The agreement stated, “We’ve updated our terms” and “we encourage you to read our updated terms in full” before hyperlinking two documents outlining the terms. To proceed to the app, a user had to press a “confirm” button below a notice stating that, “by checking the box, I have reviewed and agree to the Terms of Use and acknowledge the Privacy Notice.” Customers were not required to click on the hyperlink and scroll through the terms.

The large, bold font size and use of capital letters in the “readily available” terms of use make clear that customers are signing a significant, binding contract, Uber said in a brief. The company also claims it doesn’t need to force a user to scroll through the terms to have an enforceable contract.

“Maybe it would be better if every contract was in size 14 font and written in language that the average person can read and understand, but that’s not what’s required,” said Joshua Nadreau, a Fisher Phillips LLP partner who advises businesses on employment arbitration.

The Superior Court of Suffolk County sided with Good in a 2022 opinion finding that the box he checked in Uber’s app did not constitute an enforceable online contract.

“This has been decided. It has been decided clearly and it has been decided repeatedly,” Santoro said. “It baffles me that we are in this position with Uber appealing a decision that was made under well-settled Massachusetts law.”

The United States Chamber of Commerce wrote an amicus brief supporting Uber, arguing that the Superior Court’s opinion “would unnecessarily limit the ways in which online merchants provide goods and services to Massachusetts users.”

Attack on Arbitration

Nadreau said the case is part of a broader trend by the state’s lower courts in opposing arbitration agreements.

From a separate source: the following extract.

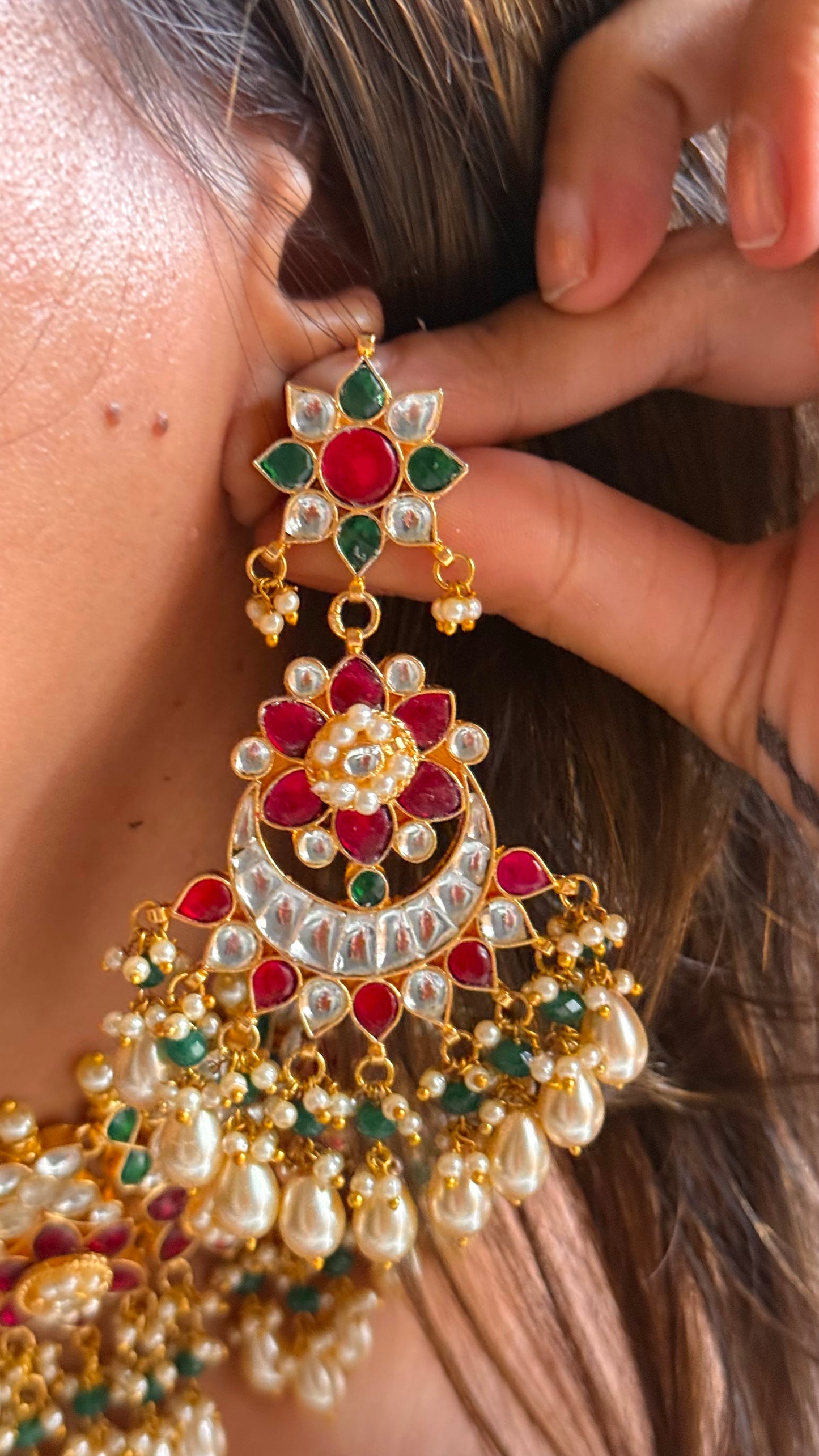 Emerald & ruby Paachi Kundan with tear drops choker necklace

Uber’s arbitration agreement was also in the spotlight in 2018 after the company announced it would suspend mandatory arbitration for sexual assault and harassment claims following public pressure from the #MeToo movement.

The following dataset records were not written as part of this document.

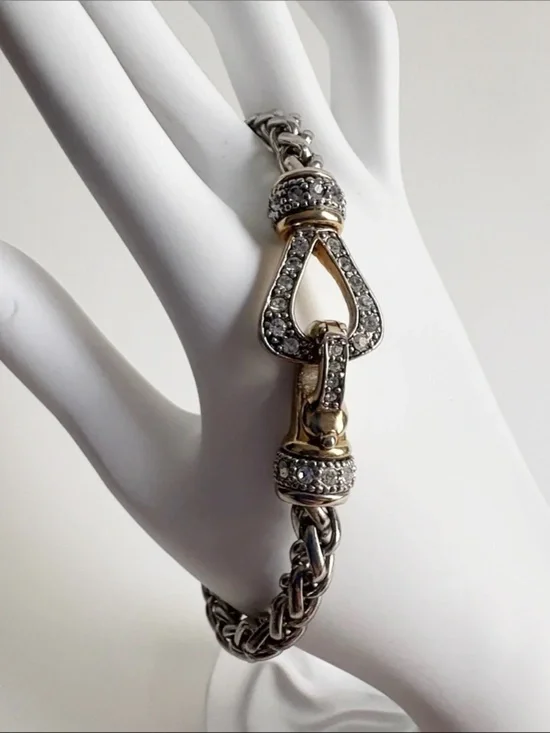 Two Tone Pave Link Bracelet Silver Gold Crystal Statement Jewelry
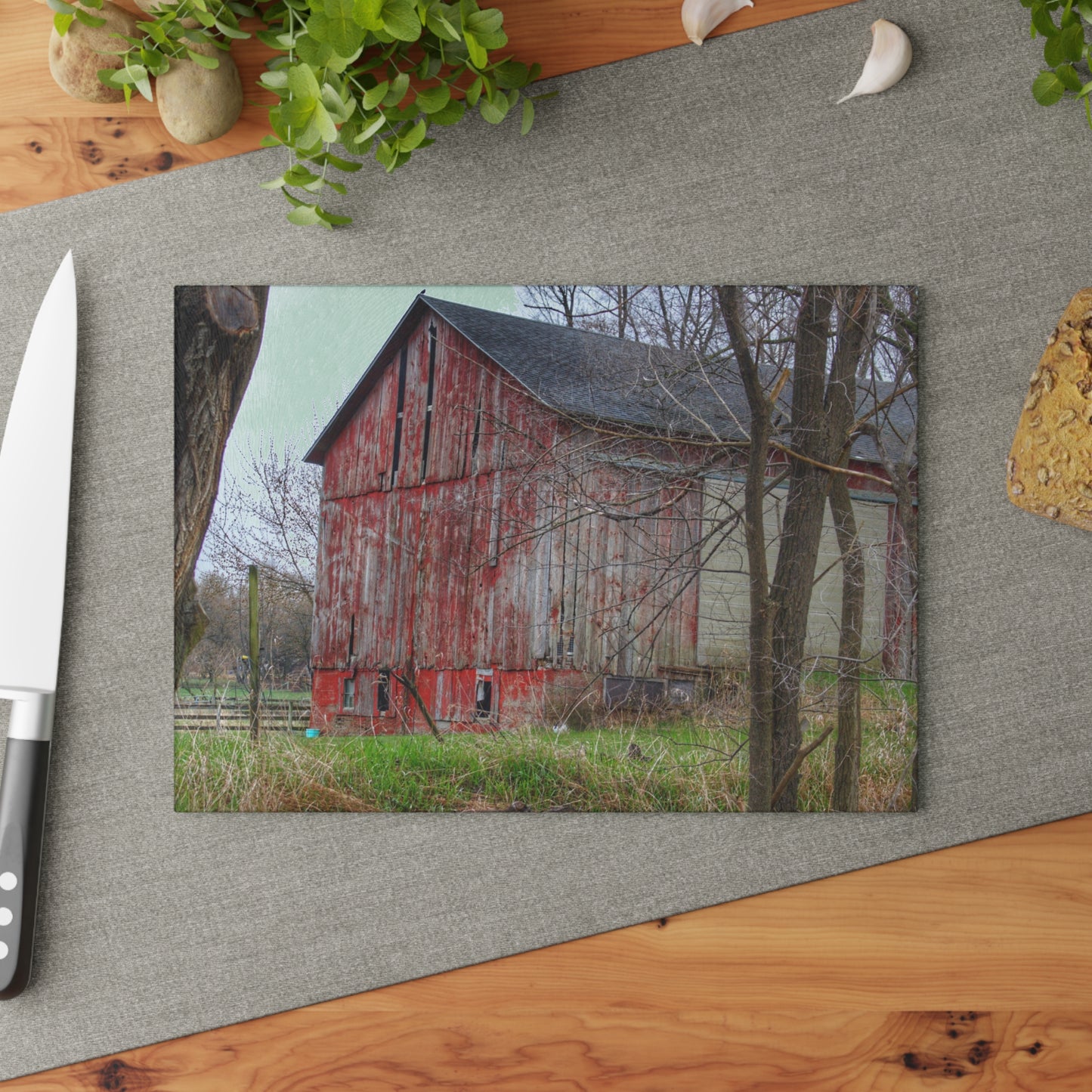 U R There Photography Lake George Red I Rustic Farmhouse Tempered-Glass Cutting Board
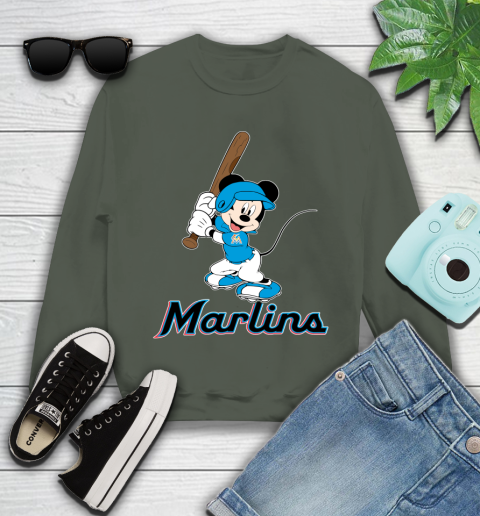 MLB Baseball Miami Marlins Cheerful Mickey Mouse Shirt Youth Sweatshirt 9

“I feel like there is some level of hostility towards arbitration agreements, and they are willing to entertain creative arguments about how to unwind them either in the consumer context like this is or in the employment context,” Nadreau said.

The Massachusetts Academy of Trial Attorneys said in a brief that “this Court should decline Uber’s invitation to rewrite Kauders and refuse to empower Uber to divest consumers of their fundamental constitutional rights” to a trial by jury.

“If you have to arbitrate as opposed to hire a lawyer and go to court, you’re probably going to lose,” said MATA amicus committee chair Thomas Murphy.

Santoro said litigation is an essential tool to hold business owners responsible “for the foreseeable consequences” of their operations.

The case is Good vs. Uber Tech. Inc., Mass., No. SJC-13490, oral argument 1/5/24.